At Amazon, we create and deliver services that delight our customers. Our mission is to be the earth's most customer-centric company. That is a uniquely challenging objective, and we want Amazonians to the best people on the planet in their areas of expertise to help us get there!
We are now looking for a world-class Systems Engineer or Software Engineer who has proven experience working on a blend these roles and is now able to demonstrate that their whole expertise is greater than the sum of these parts.
You have a deep understanding of software development, infrastructure and systems operations. You work where the rubber meets the road (or the software meets the hardware). You are either a software developer who knows very well operations, or a systems engineer who knows very well software development. You are able to switch hats multiple times a day, speaking with developers and system administrators as if you were one of them.
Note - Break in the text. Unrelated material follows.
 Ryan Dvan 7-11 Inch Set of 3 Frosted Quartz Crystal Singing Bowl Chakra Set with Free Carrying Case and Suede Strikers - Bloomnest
You are expected to influence architectural decisions about the software, technical decisions about infrastructure and networking, and business decisions about service features and SLAs.
Your ability to navigate between development and operations and to understand their different objectives and concerns allows you to visualise and operate a bigger picture, taking to yourself the responsibility of bridging the gap between these areas. You architect, design and implement top-class solutions to ensure that services achieve stellar availability, scalability and security levels. Because you trust your vision and your decisions, you are comfortable being the owner of demanding SLOs, and you are confident that you can continuously deliver them. You know that automation is your best friend, and you see efficient operations as an exciting software problem.
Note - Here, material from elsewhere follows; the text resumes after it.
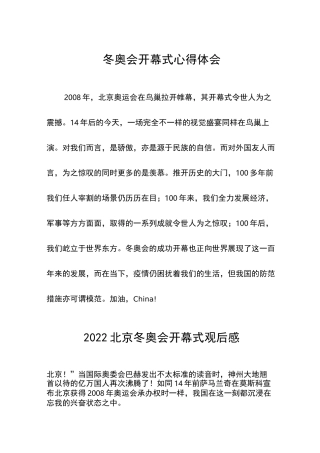 观看2022年北京冬奥会观后感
In this role, you will be expected to define, create, deliver and own artifacts and activities like:
- Service level objectives and agreements
- Service deployment plans (cloud infrastructure) for high-availability
- Service operation policies and procedures
- Availability and security risk plans
- Disaster recovery plans
- Data retention and disposal plans
- Operational runbooks
- Availability/Security incident tracking, analysis, root-cause evaluation and implementation of corrective measures
- Infrastructure as code - templates / scripts / configuration management tools
- Service monitoring, alarming and logging (design, implementation, maintenance)
- Building tools and deployment procedures and schedules
- Infrastructure sizing, auto-scaling and costing proposals
- Security audits, pen-tests, CTFs
You have a hands-on attitude and are able to deliver sound technical designs, high quality code and comprehensive technical documentation.